**Record set:**

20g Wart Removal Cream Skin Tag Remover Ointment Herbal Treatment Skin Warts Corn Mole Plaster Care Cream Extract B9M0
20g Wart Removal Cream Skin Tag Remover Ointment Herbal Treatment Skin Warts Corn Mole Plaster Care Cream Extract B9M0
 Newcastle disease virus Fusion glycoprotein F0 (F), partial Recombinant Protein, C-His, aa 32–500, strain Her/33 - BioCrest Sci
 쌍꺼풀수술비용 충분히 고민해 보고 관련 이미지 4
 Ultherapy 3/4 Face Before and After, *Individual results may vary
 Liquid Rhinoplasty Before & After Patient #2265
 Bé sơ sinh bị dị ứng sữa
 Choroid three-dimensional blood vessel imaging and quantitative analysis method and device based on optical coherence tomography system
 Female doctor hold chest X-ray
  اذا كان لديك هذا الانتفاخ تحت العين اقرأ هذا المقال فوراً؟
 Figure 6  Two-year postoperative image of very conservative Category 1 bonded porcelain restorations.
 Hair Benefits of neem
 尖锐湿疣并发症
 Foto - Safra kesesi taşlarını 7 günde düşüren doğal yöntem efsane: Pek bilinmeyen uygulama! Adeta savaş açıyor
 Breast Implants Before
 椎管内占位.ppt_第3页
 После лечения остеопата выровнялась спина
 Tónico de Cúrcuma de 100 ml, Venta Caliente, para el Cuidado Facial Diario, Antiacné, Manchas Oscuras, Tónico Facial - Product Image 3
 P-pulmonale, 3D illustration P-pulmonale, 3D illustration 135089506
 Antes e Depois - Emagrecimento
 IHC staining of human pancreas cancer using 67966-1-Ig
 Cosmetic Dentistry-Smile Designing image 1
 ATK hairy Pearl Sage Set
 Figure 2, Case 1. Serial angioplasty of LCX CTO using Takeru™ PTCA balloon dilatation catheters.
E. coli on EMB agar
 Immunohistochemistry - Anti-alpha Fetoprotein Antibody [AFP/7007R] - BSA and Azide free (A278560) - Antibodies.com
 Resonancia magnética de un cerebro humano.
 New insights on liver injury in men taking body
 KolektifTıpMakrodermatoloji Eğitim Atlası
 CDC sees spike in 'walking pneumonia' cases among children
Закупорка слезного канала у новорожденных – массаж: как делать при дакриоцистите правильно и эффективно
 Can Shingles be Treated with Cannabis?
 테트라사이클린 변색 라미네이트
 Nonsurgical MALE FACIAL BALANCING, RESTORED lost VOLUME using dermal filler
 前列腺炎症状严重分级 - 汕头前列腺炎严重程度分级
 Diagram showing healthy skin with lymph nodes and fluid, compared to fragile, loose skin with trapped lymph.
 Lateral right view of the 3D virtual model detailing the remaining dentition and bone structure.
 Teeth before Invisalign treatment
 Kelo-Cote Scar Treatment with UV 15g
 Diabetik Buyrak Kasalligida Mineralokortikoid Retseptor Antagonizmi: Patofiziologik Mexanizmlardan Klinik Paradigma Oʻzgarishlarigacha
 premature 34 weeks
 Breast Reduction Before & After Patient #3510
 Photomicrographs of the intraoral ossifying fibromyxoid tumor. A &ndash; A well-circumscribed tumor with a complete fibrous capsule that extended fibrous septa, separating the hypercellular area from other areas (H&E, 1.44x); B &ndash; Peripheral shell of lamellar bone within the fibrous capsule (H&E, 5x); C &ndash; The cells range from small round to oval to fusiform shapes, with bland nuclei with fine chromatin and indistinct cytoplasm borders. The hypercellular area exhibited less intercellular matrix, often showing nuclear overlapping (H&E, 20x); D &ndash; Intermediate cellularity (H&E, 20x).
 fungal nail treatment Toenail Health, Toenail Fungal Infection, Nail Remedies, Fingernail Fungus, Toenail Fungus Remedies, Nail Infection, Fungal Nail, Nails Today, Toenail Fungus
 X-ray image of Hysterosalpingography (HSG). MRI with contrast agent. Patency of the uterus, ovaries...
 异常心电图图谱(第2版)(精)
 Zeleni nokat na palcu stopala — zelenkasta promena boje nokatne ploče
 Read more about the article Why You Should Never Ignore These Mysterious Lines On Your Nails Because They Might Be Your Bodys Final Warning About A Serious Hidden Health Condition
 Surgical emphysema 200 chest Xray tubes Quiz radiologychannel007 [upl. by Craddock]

**Exercise instructions:**
Your answer must be a single number: how many lines of the records contain the word "using".

**Solution for this problem:**
3